A couple of days ago the Dallas, Texas-based prison technology company Securus made headlines for assisting the Police in the United States to perform real-time cell phone tracking of mobile users in the country.
Now, reportedly, Securus has suffered a data breach in which an unknown hacker has stolen its data. The hacker managed to steal login credentials of 2,800 customers including usernames, emails, poorly hashed passwords, phone number, and security questions.
Although we at HackRead cannot confirm the breach on our behalf, Joseph Cox of Motherboard, on the other hand, was in contact with the hacker who shared a sample data with the website. The data was then tested and confirmed legit by Cox – This means Securus has been pwned.
Moreover, a quick analysis of the stolen data has revealed that it contains information from 2011 forward while the impacted customers include city police and sheriff departments from Indianapolis, Phoenix, and Minneapolis.
For those who are unaware of how Securus works, it is a prison telecom firm that helps law enforcement monitor the majority of cell phones in the US. By using the web interface that leverages its location API, Securus is able to successfully access cell-site databases in real-time. These records are then used to obtain cell phone data to enable tracking.
George Avetisov, CEO of HYPR, commented on the issue and said that, “There is an expectation they are sharing data but not with explicit disclosure that there is risk or that the data are used by third parties and this is exactly why sensitive data belongs in the hands of those to whom it belongs: its owners. This is yet another example of how centralization of data inevitably results in unauthorized access due to hacking or accidental loss.”
Travis Jarae, CEO of OWI, said that “the Securus hack once again shows that people are focused solely on results and not on the vulnerabilities of the technologies used to produce them. In front of the Supreme Court right now is the case of Carpenter v. U.S., which is exploring the constitutionality of police officers working with third-parties to obtain mobile location data without a warrant. It will be interesting to see the impact this latest news about Securus plays in the outcome, expected later this summer.”
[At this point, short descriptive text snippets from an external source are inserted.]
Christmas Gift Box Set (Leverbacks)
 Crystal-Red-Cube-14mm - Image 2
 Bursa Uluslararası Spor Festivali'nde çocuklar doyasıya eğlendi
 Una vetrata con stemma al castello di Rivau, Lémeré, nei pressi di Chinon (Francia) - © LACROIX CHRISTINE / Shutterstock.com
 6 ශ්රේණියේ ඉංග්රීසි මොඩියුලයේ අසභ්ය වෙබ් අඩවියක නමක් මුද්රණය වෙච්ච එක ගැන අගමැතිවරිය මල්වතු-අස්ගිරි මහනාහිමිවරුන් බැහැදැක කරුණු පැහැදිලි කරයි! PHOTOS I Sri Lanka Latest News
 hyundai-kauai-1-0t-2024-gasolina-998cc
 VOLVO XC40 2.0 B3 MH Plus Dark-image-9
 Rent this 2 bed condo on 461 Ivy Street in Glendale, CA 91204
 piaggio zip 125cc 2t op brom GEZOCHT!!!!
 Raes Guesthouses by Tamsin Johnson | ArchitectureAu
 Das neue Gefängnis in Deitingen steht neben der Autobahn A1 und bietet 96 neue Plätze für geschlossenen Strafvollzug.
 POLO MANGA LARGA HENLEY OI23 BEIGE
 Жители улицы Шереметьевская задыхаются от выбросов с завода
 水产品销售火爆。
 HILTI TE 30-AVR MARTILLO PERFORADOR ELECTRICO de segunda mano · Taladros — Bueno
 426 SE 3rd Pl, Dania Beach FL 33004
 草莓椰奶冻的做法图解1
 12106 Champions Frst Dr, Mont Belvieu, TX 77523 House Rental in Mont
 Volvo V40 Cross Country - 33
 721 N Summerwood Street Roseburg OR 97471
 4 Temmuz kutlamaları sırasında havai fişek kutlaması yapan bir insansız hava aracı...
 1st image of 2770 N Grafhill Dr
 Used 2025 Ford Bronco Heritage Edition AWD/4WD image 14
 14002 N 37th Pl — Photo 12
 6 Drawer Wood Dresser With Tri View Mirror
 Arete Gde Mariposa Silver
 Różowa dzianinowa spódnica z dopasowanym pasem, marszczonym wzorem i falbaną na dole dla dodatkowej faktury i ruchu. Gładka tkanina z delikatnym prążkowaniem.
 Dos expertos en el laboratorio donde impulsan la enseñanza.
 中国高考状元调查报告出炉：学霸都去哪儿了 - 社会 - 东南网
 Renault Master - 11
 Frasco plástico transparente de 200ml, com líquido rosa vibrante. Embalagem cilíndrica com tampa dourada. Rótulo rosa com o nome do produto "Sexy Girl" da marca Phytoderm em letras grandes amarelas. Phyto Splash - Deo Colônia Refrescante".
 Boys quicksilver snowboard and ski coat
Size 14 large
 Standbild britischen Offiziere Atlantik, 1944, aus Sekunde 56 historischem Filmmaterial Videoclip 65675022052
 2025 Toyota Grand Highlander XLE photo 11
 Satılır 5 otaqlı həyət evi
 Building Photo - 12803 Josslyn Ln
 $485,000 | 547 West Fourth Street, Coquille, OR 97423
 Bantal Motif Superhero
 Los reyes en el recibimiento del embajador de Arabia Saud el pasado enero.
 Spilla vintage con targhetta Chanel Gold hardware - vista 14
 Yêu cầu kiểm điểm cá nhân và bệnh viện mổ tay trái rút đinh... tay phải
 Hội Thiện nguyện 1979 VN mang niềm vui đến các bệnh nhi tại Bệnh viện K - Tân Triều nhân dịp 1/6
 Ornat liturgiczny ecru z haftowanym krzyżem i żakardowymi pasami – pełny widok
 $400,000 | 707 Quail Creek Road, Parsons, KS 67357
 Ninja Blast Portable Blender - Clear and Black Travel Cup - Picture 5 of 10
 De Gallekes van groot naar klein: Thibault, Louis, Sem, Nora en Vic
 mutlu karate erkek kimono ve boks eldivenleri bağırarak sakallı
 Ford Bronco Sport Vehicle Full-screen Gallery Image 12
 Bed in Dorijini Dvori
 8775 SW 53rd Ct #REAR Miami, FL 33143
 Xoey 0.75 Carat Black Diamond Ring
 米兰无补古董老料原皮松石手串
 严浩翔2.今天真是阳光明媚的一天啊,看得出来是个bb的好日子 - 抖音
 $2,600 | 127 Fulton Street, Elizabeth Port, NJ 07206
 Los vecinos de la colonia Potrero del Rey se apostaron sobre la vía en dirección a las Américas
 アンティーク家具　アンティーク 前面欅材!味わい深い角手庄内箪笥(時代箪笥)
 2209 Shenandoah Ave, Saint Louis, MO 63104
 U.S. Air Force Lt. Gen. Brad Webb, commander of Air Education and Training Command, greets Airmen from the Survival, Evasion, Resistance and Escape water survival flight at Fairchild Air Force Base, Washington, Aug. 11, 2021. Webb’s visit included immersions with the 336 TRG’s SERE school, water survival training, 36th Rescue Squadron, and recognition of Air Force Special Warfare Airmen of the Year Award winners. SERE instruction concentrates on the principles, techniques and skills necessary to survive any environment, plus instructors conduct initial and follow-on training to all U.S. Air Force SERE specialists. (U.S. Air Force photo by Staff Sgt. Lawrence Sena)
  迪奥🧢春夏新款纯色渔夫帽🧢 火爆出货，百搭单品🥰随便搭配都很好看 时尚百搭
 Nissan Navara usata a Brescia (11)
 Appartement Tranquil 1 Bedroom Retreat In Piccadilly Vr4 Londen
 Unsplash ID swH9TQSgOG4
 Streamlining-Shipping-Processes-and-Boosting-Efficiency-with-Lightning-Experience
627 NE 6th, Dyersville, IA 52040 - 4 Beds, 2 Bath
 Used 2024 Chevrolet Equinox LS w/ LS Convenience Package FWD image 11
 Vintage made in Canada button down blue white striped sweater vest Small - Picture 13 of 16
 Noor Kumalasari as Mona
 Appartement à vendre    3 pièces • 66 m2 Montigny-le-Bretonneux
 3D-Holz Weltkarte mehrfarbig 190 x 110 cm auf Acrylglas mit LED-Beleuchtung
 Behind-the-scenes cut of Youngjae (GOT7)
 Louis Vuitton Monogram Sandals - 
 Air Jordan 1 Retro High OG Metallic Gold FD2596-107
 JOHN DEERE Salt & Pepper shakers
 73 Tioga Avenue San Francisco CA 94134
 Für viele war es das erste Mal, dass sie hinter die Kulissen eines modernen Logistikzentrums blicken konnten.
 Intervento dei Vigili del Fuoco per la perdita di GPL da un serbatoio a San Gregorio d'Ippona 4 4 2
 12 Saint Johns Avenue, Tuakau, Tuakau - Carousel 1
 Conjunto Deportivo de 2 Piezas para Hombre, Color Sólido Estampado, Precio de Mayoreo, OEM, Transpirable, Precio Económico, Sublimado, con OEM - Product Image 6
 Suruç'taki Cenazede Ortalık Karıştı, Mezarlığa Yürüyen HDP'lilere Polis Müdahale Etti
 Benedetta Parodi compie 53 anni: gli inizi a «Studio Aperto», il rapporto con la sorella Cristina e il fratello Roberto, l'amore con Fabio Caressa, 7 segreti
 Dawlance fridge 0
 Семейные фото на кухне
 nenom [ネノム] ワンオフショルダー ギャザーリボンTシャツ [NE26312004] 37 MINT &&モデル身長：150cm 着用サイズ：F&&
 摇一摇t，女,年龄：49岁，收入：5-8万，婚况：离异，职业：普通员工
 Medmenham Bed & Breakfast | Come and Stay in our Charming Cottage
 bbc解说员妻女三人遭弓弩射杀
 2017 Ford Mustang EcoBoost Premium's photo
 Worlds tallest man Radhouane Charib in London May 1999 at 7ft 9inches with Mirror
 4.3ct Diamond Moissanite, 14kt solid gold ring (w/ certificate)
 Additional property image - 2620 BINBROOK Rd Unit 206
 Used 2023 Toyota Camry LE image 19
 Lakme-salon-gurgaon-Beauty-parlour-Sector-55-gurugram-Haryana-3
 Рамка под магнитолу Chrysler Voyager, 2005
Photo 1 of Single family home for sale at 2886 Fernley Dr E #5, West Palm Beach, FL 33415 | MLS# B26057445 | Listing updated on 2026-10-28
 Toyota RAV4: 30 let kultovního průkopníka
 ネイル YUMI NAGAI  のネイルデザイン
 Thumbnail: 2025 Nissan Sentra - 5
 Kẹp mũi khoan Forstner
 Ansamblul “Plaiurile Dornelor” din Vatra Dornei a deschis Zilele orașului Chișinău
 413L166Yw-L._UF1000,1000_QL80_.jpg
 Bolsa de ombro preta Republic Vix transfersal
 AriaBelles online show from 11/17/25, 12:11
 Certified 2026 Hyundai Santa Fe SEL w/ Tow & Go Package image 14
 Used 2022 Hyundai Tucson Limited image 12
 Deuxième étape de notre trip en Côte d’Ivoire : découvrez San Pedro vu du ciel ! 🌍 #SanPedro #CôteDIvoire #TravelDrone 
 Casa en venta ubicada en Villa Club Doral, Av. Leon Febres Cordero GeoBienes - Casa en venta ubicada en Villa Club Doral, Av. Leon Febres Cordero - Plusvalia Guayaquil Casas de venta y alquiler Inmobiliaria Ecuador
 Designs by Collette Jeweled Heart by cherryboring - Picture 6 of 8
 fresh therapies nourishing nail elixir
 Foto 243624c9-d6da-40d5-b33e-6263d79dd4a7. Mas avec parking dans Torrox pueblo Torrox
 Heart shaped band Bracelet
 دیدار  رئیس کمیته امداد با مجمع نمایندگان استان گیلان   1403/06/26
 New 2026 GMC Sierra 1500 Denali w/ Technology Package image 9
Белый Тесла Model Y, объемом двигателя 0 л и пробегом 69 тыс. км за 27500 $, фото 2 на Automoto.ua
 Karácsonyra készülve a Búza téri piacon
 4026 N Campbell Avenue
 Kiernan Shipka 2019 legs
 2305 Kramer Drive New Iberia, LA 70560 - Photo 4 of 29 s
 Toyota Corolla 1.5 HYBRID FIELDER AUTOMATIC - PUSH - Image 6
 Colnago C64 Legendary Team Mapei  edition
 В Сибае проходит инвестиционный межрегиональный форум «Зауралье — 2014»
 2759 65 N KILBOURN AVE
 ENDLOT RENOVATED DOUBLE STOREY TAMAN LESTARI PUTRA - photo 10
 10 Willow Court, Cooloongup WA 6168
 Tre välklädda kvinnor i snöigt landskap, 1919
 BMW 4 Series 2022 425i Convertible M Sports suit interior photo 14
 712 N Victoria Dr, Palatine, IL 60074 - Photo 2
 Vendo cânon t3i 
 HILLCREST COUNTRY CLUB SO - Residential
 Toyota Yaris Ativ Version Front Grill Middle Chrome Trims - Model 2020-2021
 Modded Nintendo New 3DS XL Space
This is not the first time when a firm making recent headline has been hacked a few days after. Previously, the Israeli smartphone cracking firm Cellebrite was hackeddays after news about its capabilities went public. In the attack, hackers leaked 800 GB of the firm’s data which confirmed its in-house hacking capabilities.
In March this year, a US-based firm Grayshift announced it created a tool called GrayKey which can crack any iPhone including iPhone 8 and iPhone X. One of its customers even bought the GrayKey device for $15,000, however on April 26th, 2018 GrayShift reportedly suffered a data breach after its code was stolen and extorted by unknown malicious hackers.